What started as a backyard hobby in 2015 grew into a full-fledged business that now caters events in Dallas, Houston and most recently, Austin.
“I grew up boiling crawfish with my family in Baton Rouge,” Balette said. “So being able to do something I love for work—that’s a dream.”
But the dream didn’t take off overnight. Balette struggled in his first year trying to find his footing in the Dallas market.
It wasn’t until he shifted his marketing approach that Simply Boiled began to gain traction.
“We had to rethink how we were presenting ourselves,” Balette said. “Once we figured that out, things really started to click.”
Simply Boiled sets itself apart by offering on-site crawfish boils, replicating the authentic, communal experience of a Louisiana backyard party.
The company also offers beignets and Louisiana-style snowballs, making it more than just a crawfish operation.
Still, at the center of it all is the culture.
“The secret to a perfect boil is the environment,” Balette said. “Good food, good music and sitting around with friends and family.

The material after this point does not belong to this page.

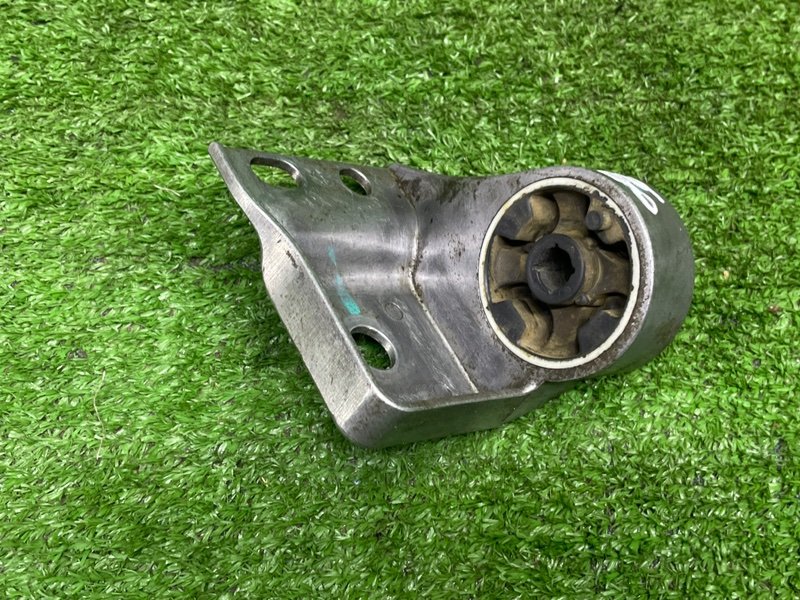 Кронштейн глушителя, 3500 рублей, Москва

That’s what we try to recreate every time.”
Despite eating crawfish nearly every weekend, Balette still enjoys it.
“It doesn’t get old,” he said. “This is something I care about.”

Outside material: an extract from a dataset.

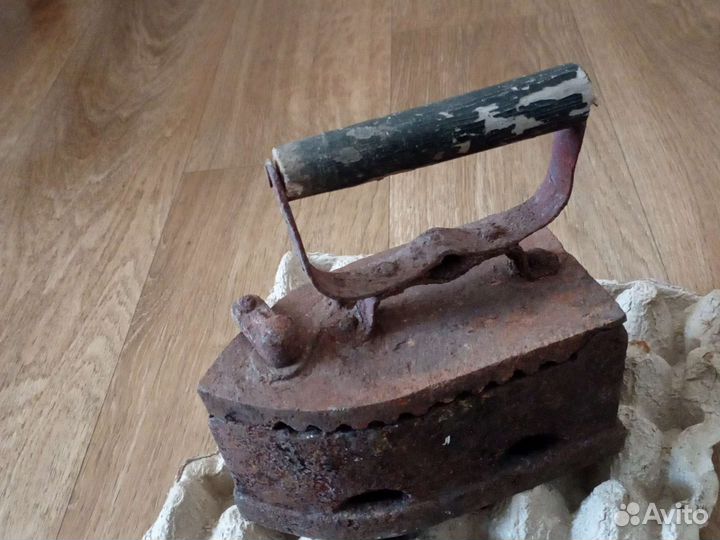 Старинный угольный утюг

Balette said his company sets itself apart by offering mobile crawfish boils across Texas.
“We’re one of the only crawfish catering companies in the DFW area,” Balette said. “We bring the boil to you—your home, your neighborhood, even corporate events.”
Former customer Morgan McGeorge vouched for the flavor and authenticity.
“It was very good,” McGeorge said. “Spicy, well-cooked and impressive considering Jacques is balancing school at the same time.”
Balette juggles a full college course load with weekends packed full of boils.
During the week, he handles logistics, including emails, invoicing and scheduling. On weekends, he hauls crawfish from Mesquite and sets up at parties across Dallas.
“It’s all about preparing ahead,” Balette said. “If I know I’ve got a boil Saturday, I carve out time during the week to get everything ready.”
His team includes two close friends, Jacob Bruser and Hank Johnson, with others pitching in as needed.
While Balette welcomes extra hands, he admits the hardest part is managing finances.
“Boiling crawfish isn’t cheap,” Balette said. “As a student, money isn’t always there, so you have to be careful with every expense.”
Balette is eager to expand Simply Boiled and said he’d love to buy a trailer, storage units, and more boiling equipment. All investments that would streamline operations and support expansion.
And expansion is already happening: Simply Boiled recently launched in Austin and continues to grow in Houston.